Quoique l'invention des athanors, dont le feu brûle dans la tour, soit effectivement bien commode, on a inventé après eux une sorte de tour, de laquelle le charbon tombe dans le foyer des fourneaux qui lui sont joints, & qui contiennent les matieres, lesquelles par ce moyen en sont bien plus échauffées qu'elles le seroient par une chaleur qui ne viendroit que de la tour.

Si après avoir allumé le feu dans les foyers des fourneaux de l'athanor de Charas (ce sont ses remarques), on remplit les canaux de la tour de charbon qui ne soit ni trop gros ni trop menu, & si ensuite on bouche les ouvertures de la tour & les portes des foyers des fourneaux, car la tour n'en a point du tout, non plus que de soupirail, on peut être sûr d'avoir un feu égal, qui continuera du - moins pendant vingt - quatre heures; ce feu chauffera très doucement, si on bouche encore les soupiraux des fourneaux adjacens, & qu'il n'y ait d'ouvert que leurs regitres.

Quelquefois on fait quarrée la tour de l'athanor, afin qu'elle communique sa chaleur à un plus grand nombre de fourneaux. On en voit un dans Libavius, dont la tour est hexagone; ensorte qu'elle est environnée de cinq fourneaux, & a ses portes à son sixieme côté. Ces sortes d'athanors se placent pour lors au milieu du laboratoire; mais ils doivent marcher difficilement.

Le Fêvre & Glaser disent que le dôme de la tour de l'athanor peut être converti en un appareil utile, & qu'il suffit pour cela de mettre une terrine à sa place. L'intermede qu'on y mettra, déterminera la nature du bain auquel elle servira; mais je croi que la chaleur de ce bain doit être bien foible: au reste c'est un essai qu'on peut faire aisément d'après le Fêvre qui en parle comme par expérience; & peu importe que le dôme ferme la tour par sa partie convexe ou concave. Voyez - en l'appareil, page 144. de Biringuccio.

Nous pourrions citer ici avec le Fêvre, Glaser & Charas, une foule d'auteurs qui ont toûjours mis quatre regîtres aux quatre coins de leur athanor, comme on le voit dans notre figure 61. mais les deux regîtres voisins de la tour ne me paroissent faits que pour ralentir l'action du feu; & cela doit être évident pour ceux qui auront lû attentivement la description de l'athanor de Cramer, & qui considéreront le jeu du feu dans le grand fourneau anglois, ou dans notre figure 19 - 21. qui est la même chose, ou dans tous ceux qui approchent de leur structure.

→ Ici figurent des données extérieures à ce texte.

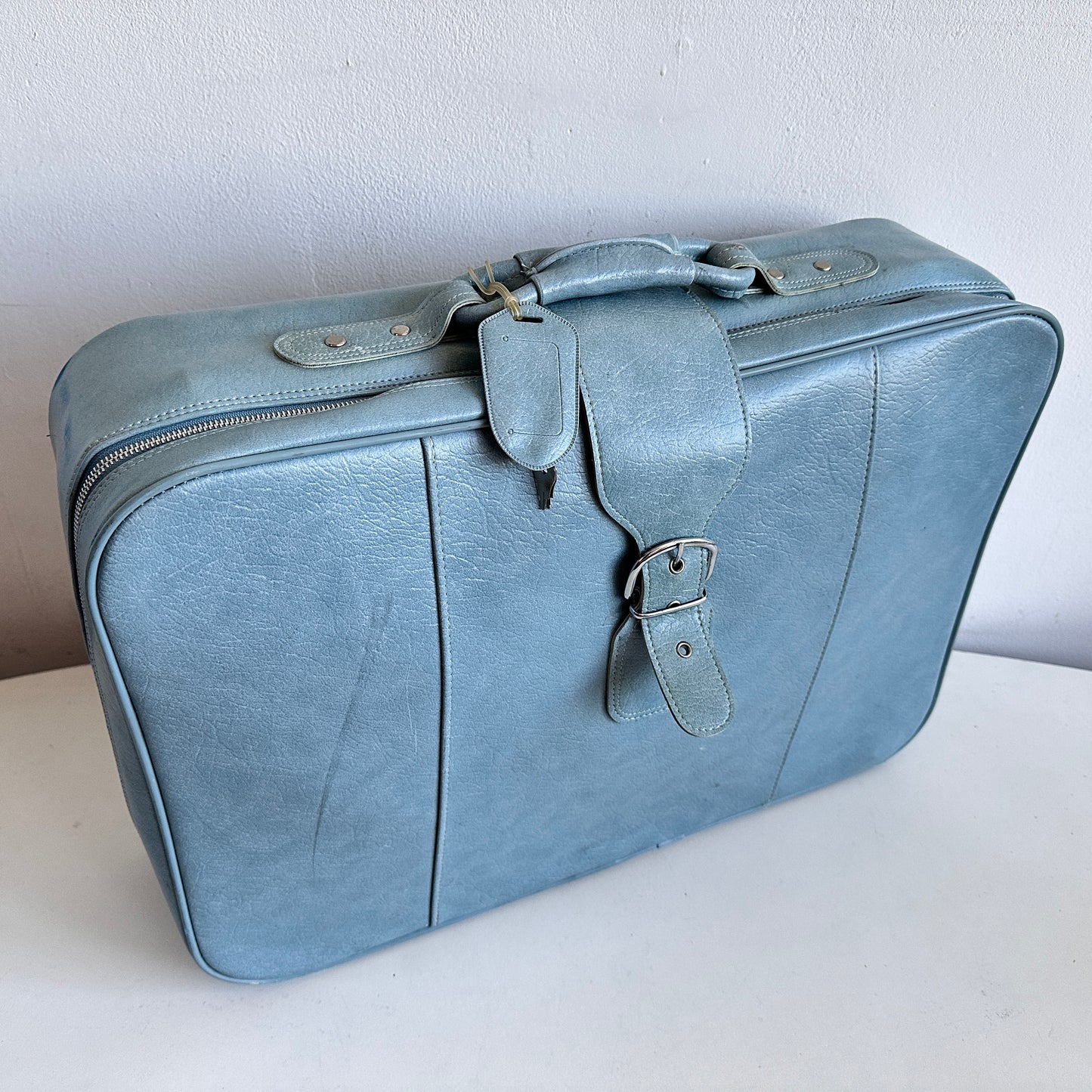 TL008 BABY BLUE SOFT LEATHER SUITCASE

Outre la grille du foyer de la tour de l'athanor, fig. 61, il faut qu'il y en ait encore une autre horisontale, comme celle des artistes qui font la cire d'Espagne. Charas n'en a rien dit, & il ne le pouvoit pas; il vouloit que le charbon de sa tour tombât dans le foyer des fourneaux adjacens, & les remplît: mais il n'en est pas de même de notre figure 61, le charbon ne doit pas passer la grille de la tour, mais il la passeroit nécessairement s'il n'étoit pas retenu par une grille horisontale qu'on ne voit pas, mais que la raison supplée aisément. Quand il y a deux fournecaux & qu'il n'y a qu'une tour, il faut nécessairement une plaque à l'une & à l'autre, comme à celui de Cramer, pour gouverner le feu. Cette plaque se trouve dans quantité d'auteurs, & est fort ancienne. Par ce moyen on peut se servir de leurs foyers sans allumer le charbon de la tour; parce qu'on n'a pas toûjours occasion de faire marcher deux fourneaux à - la - fois, & de faire des opérations qui demandent un feu de vingt - quatre heures; mais pour lors les quatre regîtres doivent être ouverts.

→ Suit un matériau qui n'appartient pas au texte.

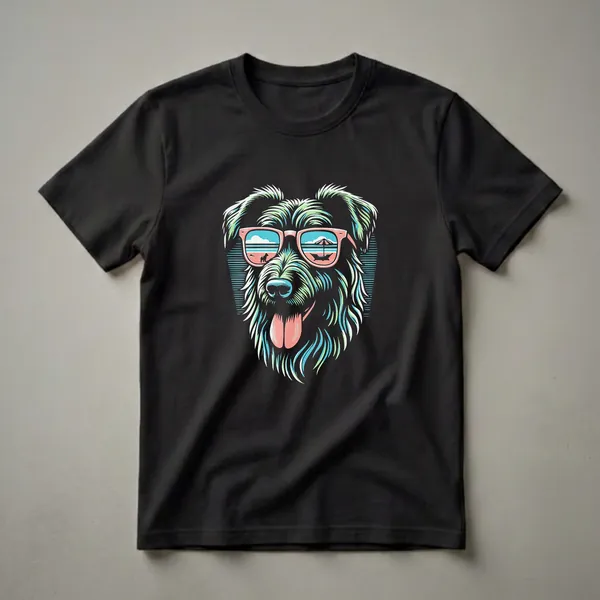 Black t-shirt featuring a colorful graphic of a shaggy dog wearing coral sunglasses, with a beach scene reflected in the lenses.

La tour de notre athanor, fig. 61, est conique. Cette figure est exigée par la plûpart des auteurs. Voyez Charas, &c. Mais M. Cramer, comme on peut le voir, a cru pouvoir négliger cette précaution qu'on ne prend que pour empêcher que deux charbons se rencontrant par l'une de leurs extrémités, ne viennent à s'arcbouter par l'autre contre les parois de la tour, & à empêcher la chûte de ceux qui se trouveroient par - dessus: mais il est bien aisé de voir que cet inconvénient n'aura jamais lieu dans une tour dont les parois verticales seront bien polies, & qu'il pourroit très - bien arriver même dans une tour de figure conique, dont les parois seroient raboteuses. On peut éviter cet inconvénient, soit que la tour soit conique ou pyramidale, en cassant le charbon comme pour les fourneaux ordinaires, avant que de le mettre dans la tour.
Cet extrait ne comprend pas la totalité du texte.